## What is required:
Your output should be the lines from the one containing "Салоны красоты ·" through the last line below, both ends included, exactly as written and free of pictures.

## Entries shown:
[Start of section]

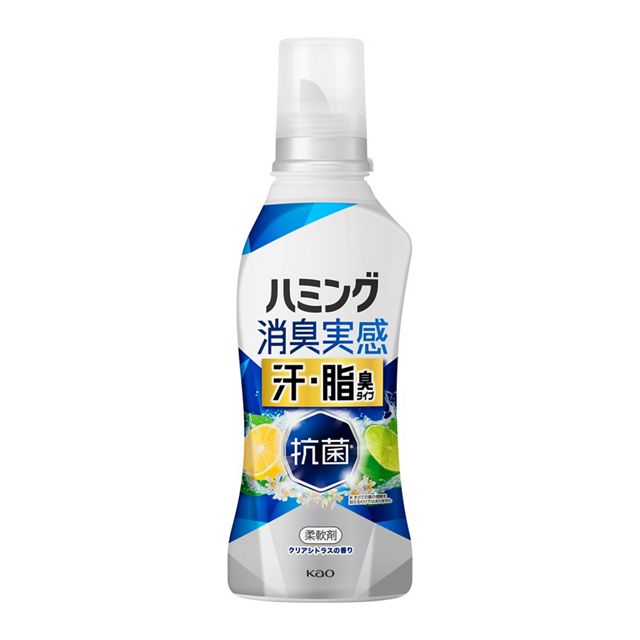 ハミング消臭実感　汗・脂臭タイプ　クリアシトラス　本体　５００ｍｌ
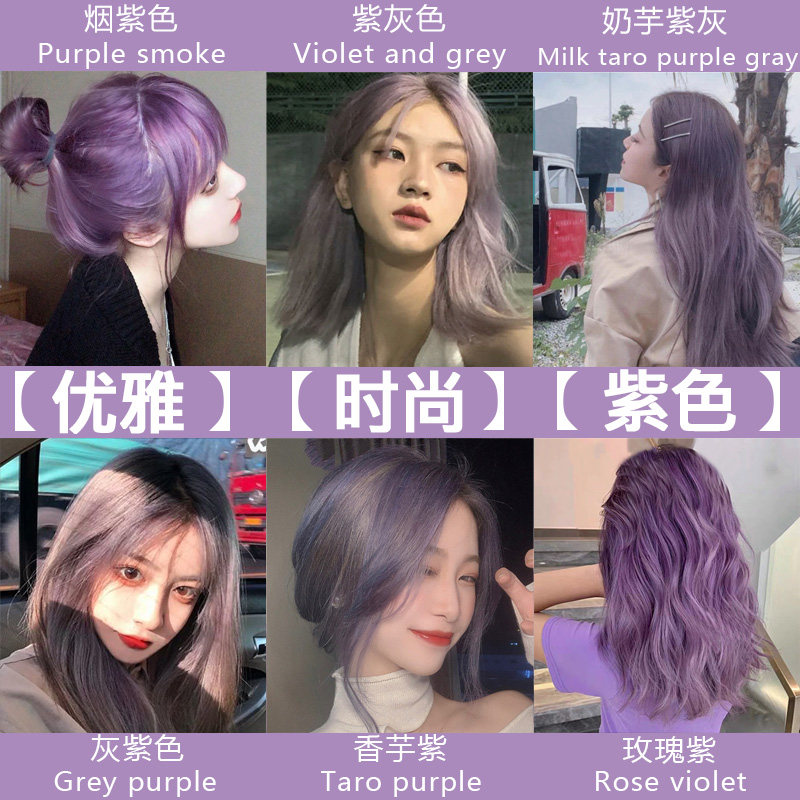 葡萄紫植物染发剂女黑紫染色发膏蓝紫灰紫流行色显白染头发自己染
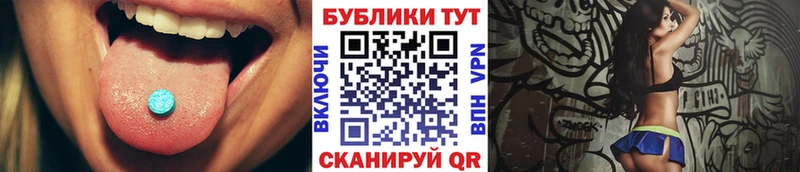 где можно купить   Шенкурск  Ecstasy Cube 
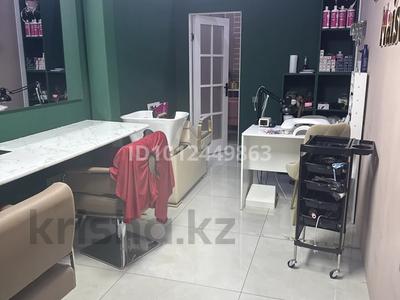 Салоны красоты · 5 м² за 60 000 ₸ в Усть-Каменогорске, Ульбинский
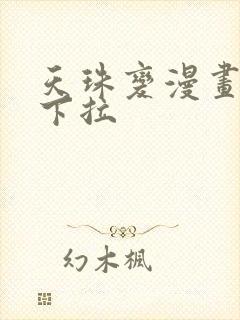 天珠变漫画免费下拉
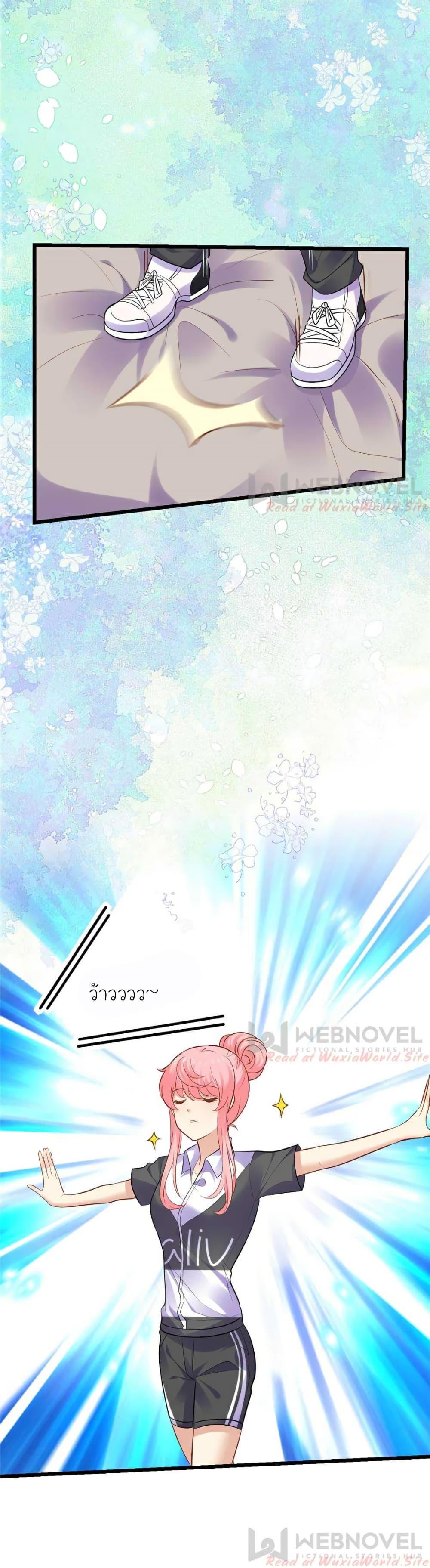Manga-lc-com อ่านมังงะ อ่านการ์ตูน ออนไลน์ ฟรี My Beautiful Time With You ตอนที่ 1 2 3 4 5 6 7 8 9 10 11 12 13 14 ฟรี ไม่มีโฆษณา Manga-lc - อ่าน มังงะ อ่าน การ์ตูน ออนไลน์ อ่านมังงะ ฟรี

[End of section]

## Exercise solution:
 Салоны красоты · 5 м² за 60 000 ₸ в Усть-Каменогорске, Ульбинский
 天珠变漫画免费下拉
Manga-lc-com อ่านมังงะ อ่านการ์ตูน ออนไลน์ ฟรี My Beautiful Time With You ตอนที่ 1 2 3 4 5 6 7 8 9 10 11 12 13 14 ฟรี ไม่มีโฆษณา Manga-lc - อ่าน มังงะ อ่าน การ์ตูน ออนไลน์ อ่านมังงะ ฟรี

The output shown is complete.